What the task requires: With the pictures left out, restate every entry word for word.
====================
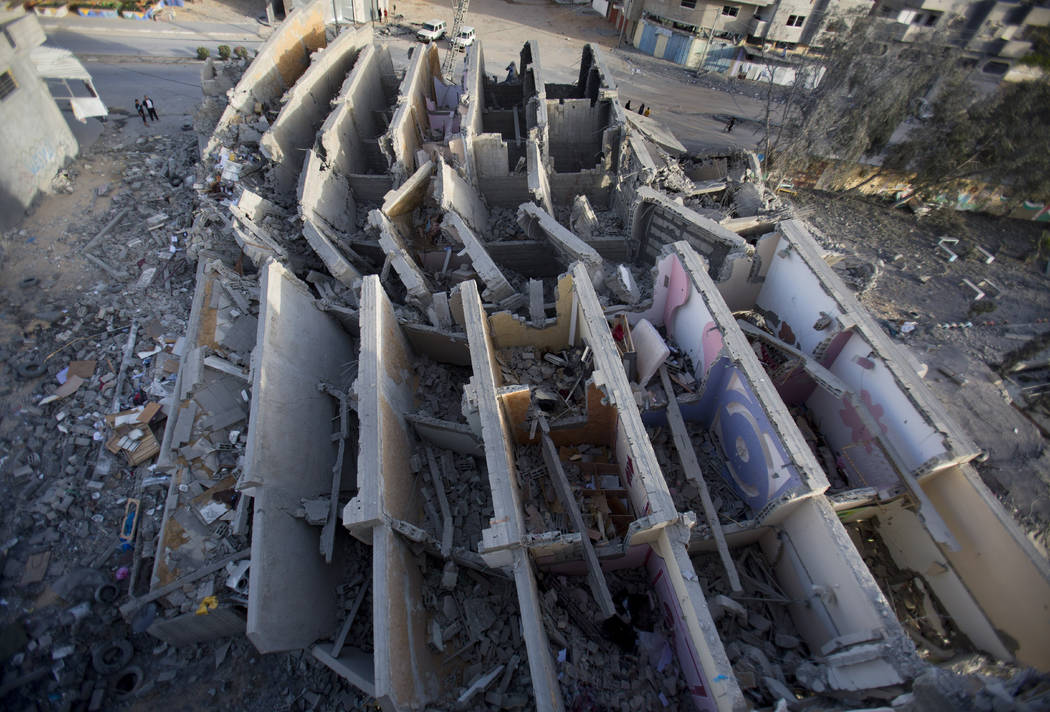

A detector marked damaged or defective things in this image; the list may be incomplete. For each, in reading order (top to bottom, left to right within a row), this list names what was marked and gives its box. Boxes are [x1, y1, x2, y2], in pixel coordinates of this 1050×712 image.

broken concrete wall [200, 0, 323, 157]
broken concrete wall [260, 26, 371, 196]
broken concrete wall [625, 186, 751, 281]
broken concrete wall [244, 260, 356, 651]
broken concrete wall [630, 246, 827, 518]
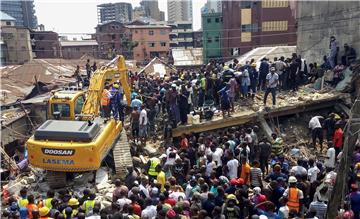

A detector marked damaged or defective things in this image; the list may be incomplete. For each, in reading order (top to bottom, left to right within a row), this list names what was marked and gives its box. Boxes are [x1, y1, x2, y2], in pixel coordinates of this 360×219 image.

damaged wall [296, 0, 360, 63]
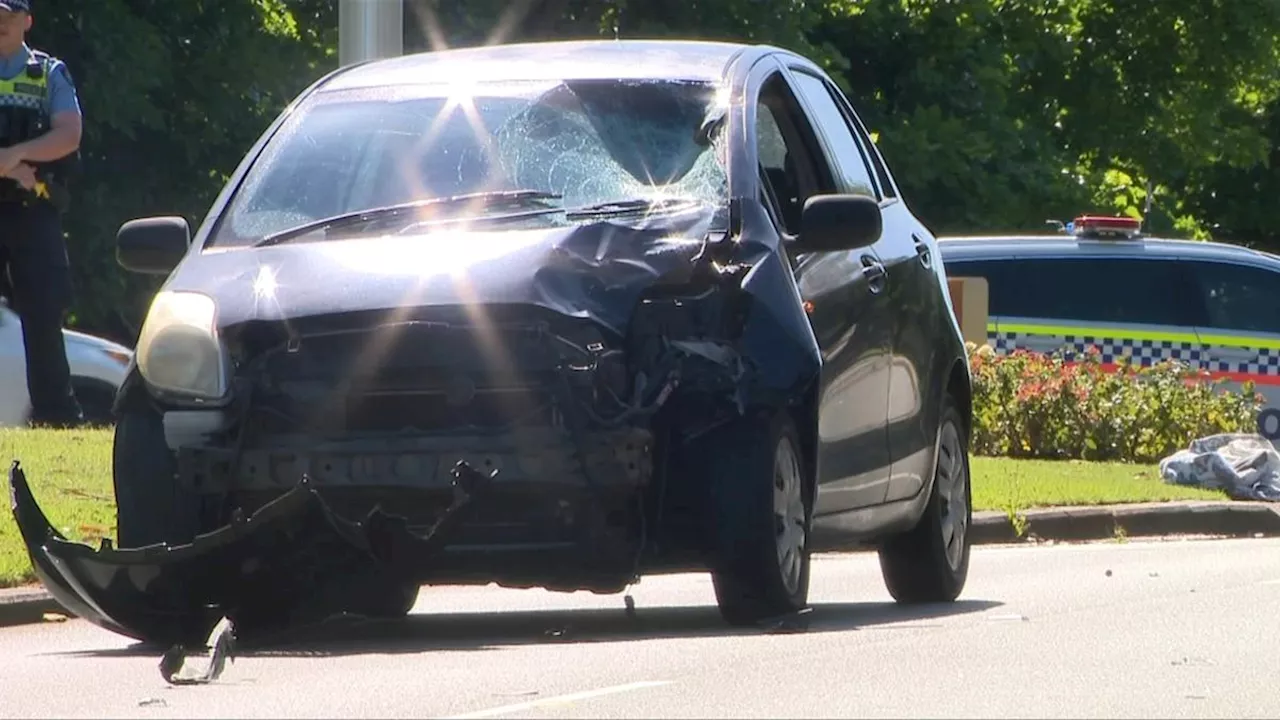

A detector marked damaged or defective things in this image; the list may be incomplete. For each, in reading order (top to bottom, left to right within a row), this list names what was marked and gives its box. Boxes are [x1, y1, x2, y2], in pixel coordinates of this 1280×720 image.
====================
Response area:
A detector marked damaged or defective things in this image; the list may be incomplete. For each, in reading order (top to bottom, left to right within a row), this list names what was marked and gives its box. Boxes are [x1, y1, x2, y2], in pixel coordinates of this 1050×712 image.

broken concrete wall [200, 0, 323, 157]
broken concrete wall [260, 26, 371, 196]
broken concrete wall [625, 186, 751, 281]
broken concrete wall [244, 260, 356, 651]
broken concrete wall [630, 246, 827, 518]

A detector marked damaged or defective things in this image; the list may be incomplete. For each, in reading order (top to bottom, left to right within a row), this list names what was marked and gives its box. Boxes are [x1, y1, x2, y2], in pixel coordinates of this 360×219 image.

damaged wall [296, 0, 360, 63]

A detector marked damaged or defective things in this image; the list may be incomplete. For each, in reading order (top to bottom, left to right within a row), this list names what was marked and gives its box. Boxes are [x1, y1, x2, y2], in pixel coordinates of this 1280×720 image.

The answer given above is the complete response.